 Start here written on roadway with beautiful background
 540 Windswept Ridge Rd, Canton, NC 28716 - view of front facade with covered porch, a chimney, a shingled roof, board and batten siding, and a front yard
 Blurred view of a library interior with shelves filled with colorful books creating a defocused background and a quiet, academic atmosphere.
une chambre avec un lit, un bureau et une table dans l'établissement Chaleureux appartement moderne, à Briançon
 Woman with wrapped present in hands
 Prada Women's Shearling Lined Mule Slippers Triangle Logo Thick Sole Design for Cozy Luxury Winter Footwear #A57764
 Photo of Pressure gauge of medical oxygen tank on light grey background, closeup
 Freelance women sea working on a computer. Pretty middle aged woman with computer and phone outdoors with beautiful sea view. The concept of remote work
______
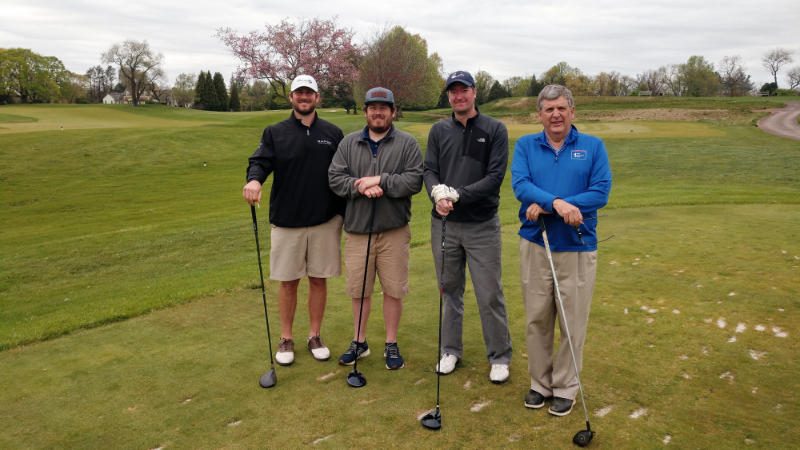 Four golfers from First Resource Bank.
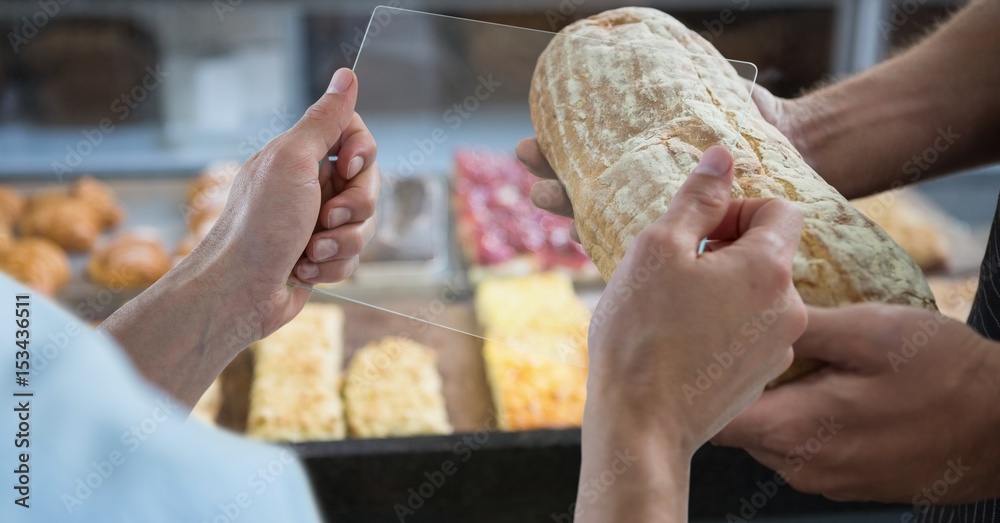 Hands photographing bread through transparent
______
AIM OF THE TASK: Look at the records above. Copy every line where the string "beautiful" occurs.

ANSWER SPACE:
 Start here written on roadway with beautiful background
 Freelance women sea working on a computer. Pretty middle aged woman with computer and phone outdoors with beautiful sea view. The concept of remote work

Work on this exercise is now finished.